Immoral Traffic (Scotland) Act 1902
- Parliament of the United Kingdom
- Long title: An Act to make further provision for the Punishment of Persons trading in Prostitution in Scotland.
- Citation: 2 Edw. 7. c. 11
- Territorial extent: Scotland

Dates
- Royal assent: 22 July 1902
- Commencement: 22 July 1902
- Repealed: 15 December 1976

Other legislation
- Amended by: Criminal Law Amendment Act 1912;
- Repealed by: Sexual Offences (Scotland) Act 1976

Status: Repealed

Text of statute as originally enacted

= Immoral Traffic (Scotland) Act 1902 =

Act of the Parliament of the United Kingdom

The Immoral Traffic (Scotland) Act 1902 (2 Edw. 7. c. 11) was an act of Parliament of the Parliament of the United Kingdom, given royal assent on 22 July 1902 and repealed in 1976.

The act, which extended only to Scotland, provided that any man who "knowingly lives wholly or in part" on income gained through prostitution, or any man who "solicits or importunes for immoral purposes" in a public place were guilty of a criminal offence, punishable by up to three months imprisonment with hard labour by a court of summary conviction.

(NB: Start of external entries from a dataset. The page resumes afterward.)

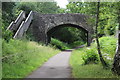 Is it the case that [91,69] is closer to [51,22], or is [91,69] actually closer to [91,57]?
[91,57]

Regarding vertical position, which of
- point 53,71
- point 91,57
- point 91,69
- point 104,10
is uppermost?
point 104,10

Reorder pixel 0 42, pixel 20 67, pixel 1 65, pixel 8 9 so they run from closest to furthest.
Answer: pixel 1 65 → pixel 20 67 → pixel 0 42 → pixel 8 9

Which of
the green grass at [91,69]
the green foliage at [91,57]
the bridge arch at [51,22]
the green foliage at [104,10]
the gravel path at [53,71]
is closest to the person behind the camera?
the green grass at [91,69]

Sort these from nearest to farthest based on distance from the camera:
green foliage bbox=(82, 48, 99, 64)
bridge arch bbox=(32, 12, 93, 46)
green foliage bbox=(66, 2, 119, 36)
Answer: green foliage bbox=(66, 2, 119, 36), green foliage bbox=(82, 48, 99, 64), bridge arch bbox=(32, 12, 93, 46)

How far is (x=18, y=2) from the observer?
2598 cm

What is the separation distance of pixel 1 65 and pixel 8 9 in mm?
9279

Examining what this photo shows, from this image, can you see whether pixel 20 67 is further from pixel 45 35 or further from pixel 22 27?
pixel 45 35

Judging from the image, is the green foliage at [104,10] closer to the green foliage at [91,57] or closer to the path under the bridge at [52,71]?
the green foliage at [91,57]

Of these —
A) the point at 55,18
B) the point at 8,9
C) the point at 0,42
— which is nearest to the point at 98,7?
the point at 0,42

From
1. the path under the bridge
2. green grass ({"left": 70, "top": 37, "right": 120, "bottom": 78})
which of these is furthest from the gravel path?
green grass ({"left": 70, "top": 37, "right": 120, "bottom": 78})

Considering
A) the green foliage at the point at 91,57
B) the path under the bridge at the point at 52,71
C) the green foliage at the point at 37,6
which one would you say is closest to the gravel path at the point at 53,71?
the path under the bridge at the point at 52,71

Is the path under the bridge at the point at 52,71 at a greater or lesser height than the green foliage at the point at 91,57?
lesser

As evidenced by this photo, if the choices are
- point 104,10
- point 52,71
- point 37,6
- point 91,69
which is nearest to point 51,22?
point 37,6

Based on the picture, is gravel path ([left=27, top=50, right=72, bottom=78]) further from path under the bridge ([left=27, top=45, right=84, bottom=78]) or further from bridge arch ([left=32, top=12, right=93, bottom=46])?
bridge arch ([left=32, top=12, right=93, bottom=46]) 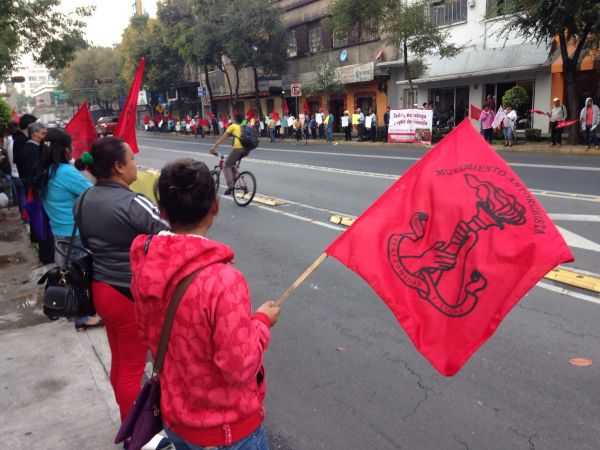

It further provided that if evidence was given to a court that there is reason to believe a house was used for the purposes of prostitution, and that a man on the premises was living on the earnings of that activity, a court could issue a warrant for the house to be entered and searched, and the man arrested. If a man was proved to live with (or habitually keep company with) a prostitute, and have no visible means of support, he could be deemed to be living off the earnings of prostitution unless proven otherwise.

== Subsequent developments ==
The whole act was repealed by section 21(2) of, and schedule 2 to, the Sexual Offences (Scotland) Act 1976, which came into force on 15 December 1976.